Sul tavolo della mia collega, sta in bella vista un libro voluminoso che solo a guardarlo viene voglia di abbassare la voce, e di non fare gesti bruschi perchè sarebbe mancanza di rispetto, come ridere in Chiesa o citofonare a casa di qualcuno a ora di cena. Quel libro è “I fratelli Karamazov” .
C’era, negli anni sessanta, un’Italia ancora non pienamente scolarizzata, in cui pochi parlavano l’inglese o comunque una seconda lingua, dove ancora l’analfabetismo non era stato sconfitto. Gli echi del sessantotto tardarono ad arrivare. La TV aveva solo due canali, era in bianco e nero e non era presente in tutte le case.

Era una televisione con molti limiti culturali. Poco dissenso , molto perbenismo, e si rivolgeva alle famiglie, immaginate secondo una visione tradizionalista.Quindi niente escort in TV, niente male parole, niente vallette in vesti succinte (ancora non c’erano veline o schedine). In una parola niente eccessi, né in bene, né in male.
Eppure questa Televisione fu capace di proporre in prima serata un caposaldo della letteratura mondiale come “I Fratelli Karamazov”, non certo una lettura scorrevole a volerlo definire con ironia.
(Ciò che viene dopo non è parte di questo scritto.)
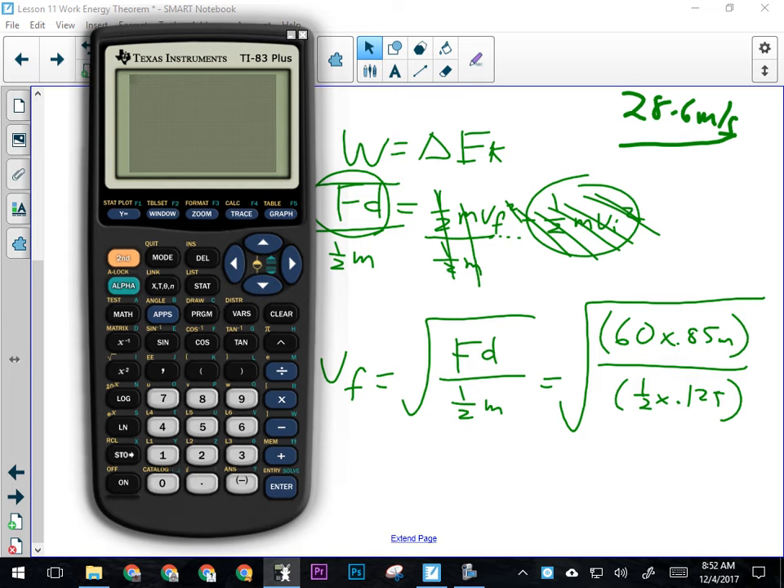You can do this all in one step if you're good with brackets. Go 60 times 0.85, close that up, divide by 0.5 times 0.125 in brackets. Or you could figure out the numerator, divide by the denominator, then square root. Make sure you square root everything — if you don't use a double bracket it would only square root part of it. The ball leaves the rubber band at 28.6 meters per second. That's why your parents said don't shoot things with rubber bands — 28 meters per second is over 100 kilometers per hour.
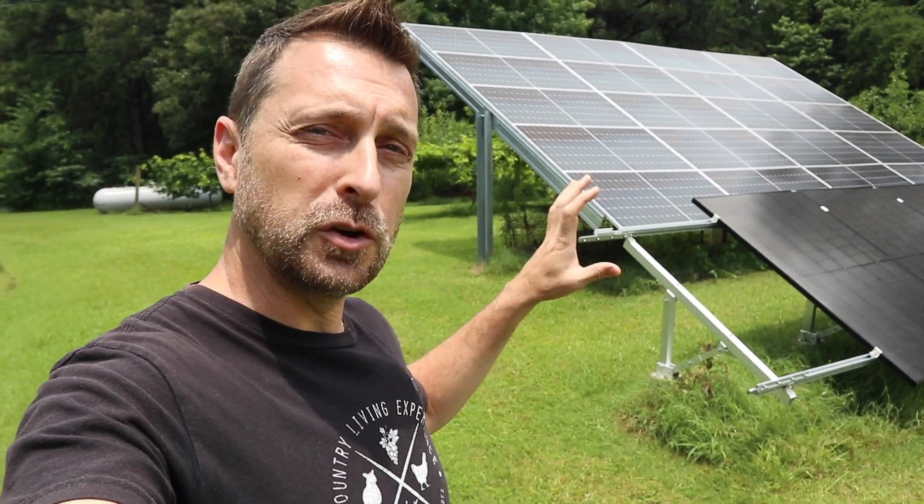Good afternoon friends, welcome to our homestead. We are going to be talking about solar racks today and specifically we are going to do a cost breakdown per panel for eight different types of racks. On my property I have five different racking options but one is a roof mount option — we're not going to talk about roof mounts today, only ground mount systems. We're going to talk about six most popular brands out there and also two DIY options.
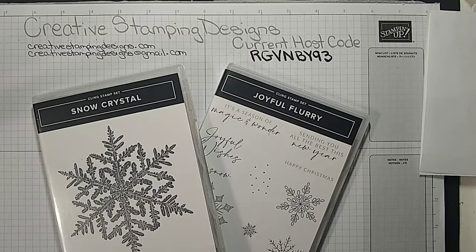Hi everyone! Welcome to Creative Stampin' Designs. My name is Karen. I'm an independent Stampin' Up! demonstrator from Central New Jersey and we are going to make a card today.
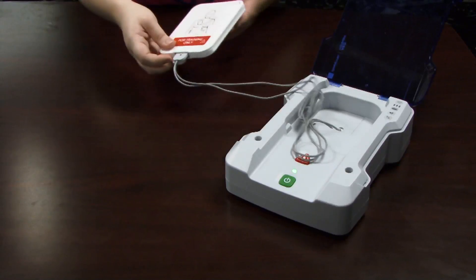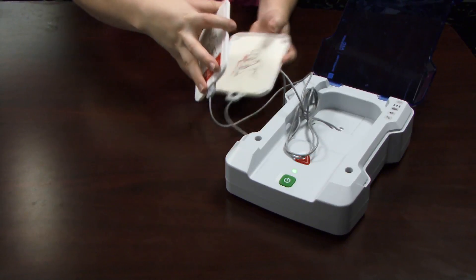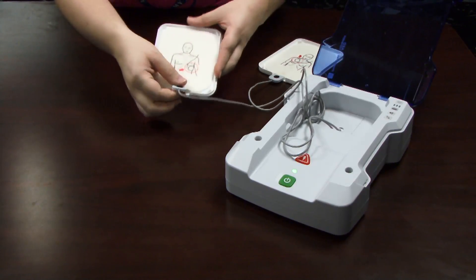Take the pads out of their training pad case. Place the pad on a flat surface, graphic side up.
Attori teatrali di prima grandezza, rispetto della trama e dei dialoghi, quasi nessuna concessione ad adattamenti e a semplificazioni più ruffiane, grande uso di primissimi piani: l’opera ebbe un ascolto medio di 5.400.000 telespettatori. (fonte dal web) . Un numero sorprendente se si considera il contesto sociale poco sopra accennato..
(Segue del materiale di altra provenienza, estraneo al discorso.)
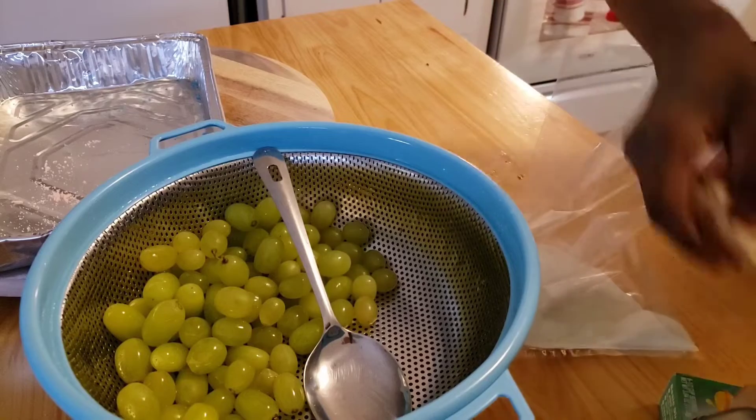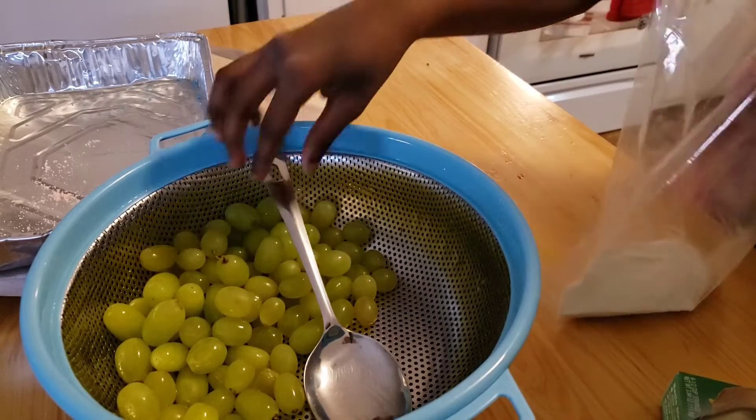After, grab any spoon and just scoop your grapes into the bag. Make sure your grapes are wet.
Il mio scritto si ferma qui. Altre parole sarebbero una mancanza di rispetto, una gaffe, un eco ridicolo e inutile al dialogo della scena che trovate di seguito:  I fratelli Karamazov (Il Grande Inquisitore, parte I di II).

1 commento:

  1. Esiste un'idea di Dio che produce conforto, ma la stessa idea può generare dolore per gli stessi identici motivi. Se non vi è quel (se vi è) quel valore aggiunto, non acquistabile, che è la "fede", tutto può portare a considerazioni diametralmente opposte. Ed anche questo tipo di sofferenza, che forse non riguarda l'anima, ma l'intelletto, probabilmente è raccolta da quel Dio, ma non vi è ricevuta di ritorno ...ed il mistero solo resta ad incantare, stupire, sdegnare. Questa la considerazione che colgo nel dialogo "magnifico" dei due attori, a "fingere" la propria umanità.